**EXERCISE INSTRUCTIONS**
Return all the lines below exactly as written. Drop every picture.

**MATERIAL FOR THIS TASK**
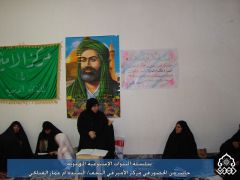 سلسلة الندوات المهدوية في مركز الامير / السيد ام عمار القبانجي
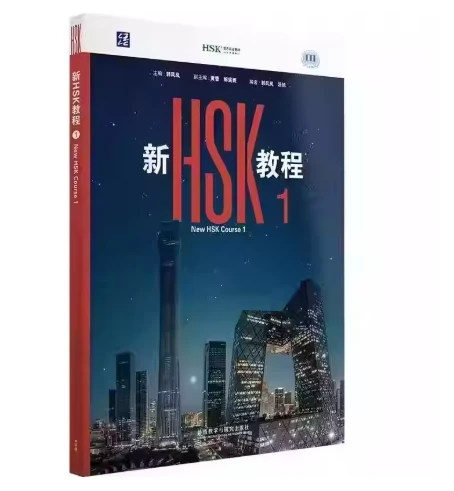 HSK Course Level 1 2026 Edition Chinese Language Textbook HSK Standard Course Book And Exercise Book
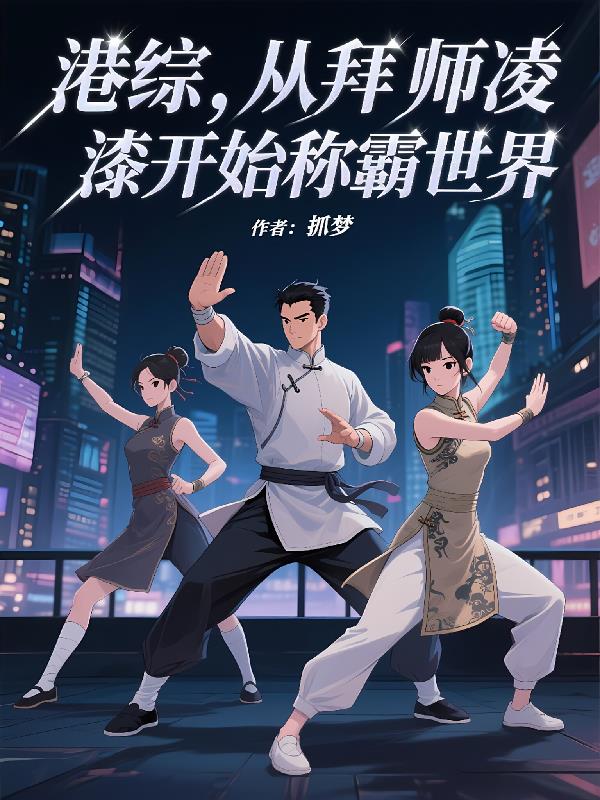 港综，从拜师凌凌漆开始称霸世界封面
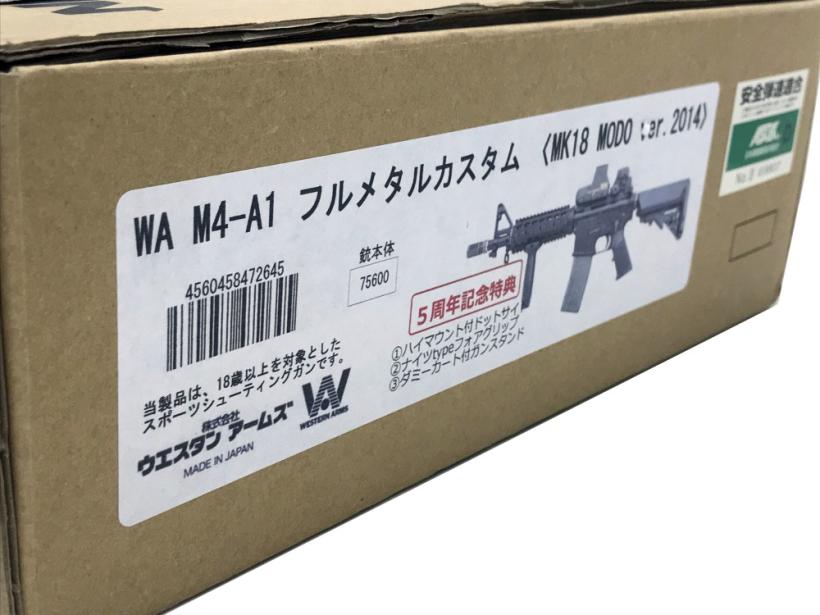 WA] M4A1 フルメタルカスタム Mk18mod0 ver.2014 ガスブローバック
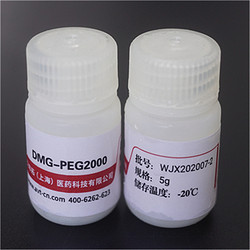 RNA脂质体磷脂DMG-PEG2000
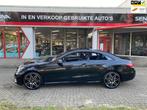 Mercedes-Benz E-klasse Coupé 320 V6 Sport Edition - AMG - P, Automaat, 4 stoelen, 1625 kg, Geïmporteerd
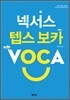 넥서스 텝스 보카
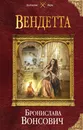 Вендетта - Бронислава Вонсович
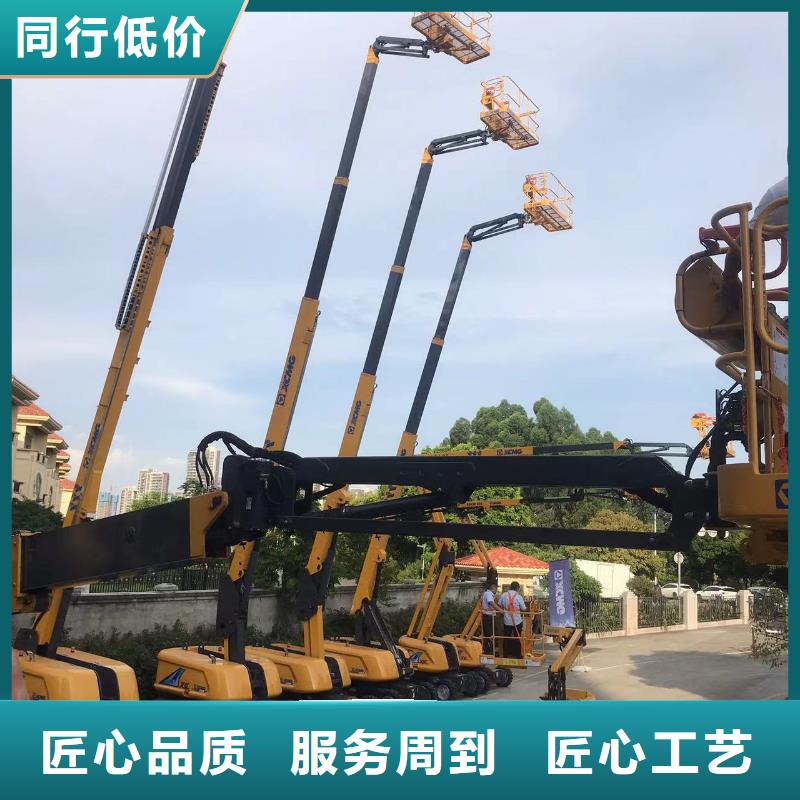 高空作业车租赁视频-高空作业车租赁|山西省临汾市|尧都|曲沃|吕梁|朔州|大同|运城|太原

**TASK ANSWER**
 سلسلة الندوات المهدوية في مركز الامير / السيد ام عمار القبانجي
 HSK Course Level 1 2026 Edition Chinese Language Textbook HSK Standard Course Book And Exercise Book
 港综，从拜师凌凌漆开始称霸世界封面
 WA] M4A1 フルメタルカスタム Mk18mod0 ver.2014 ガスブローバック
 RNA脂质体磷脂DMG-PEG2000
 Mercedes-Benz E-klasse Coupé 320 V6 Sport Edition - AMG - P, Automaat, 4 stoelen, 1625 kg, Geïmporteerd
 넥서스 텝스 보카
 Вендетта - Бронислава Вонсович
 高空作业车租赁视频-高空作业车租赁|山西省临汾市|尧都|曲沃|吕梁|朔州|大同|运城|太原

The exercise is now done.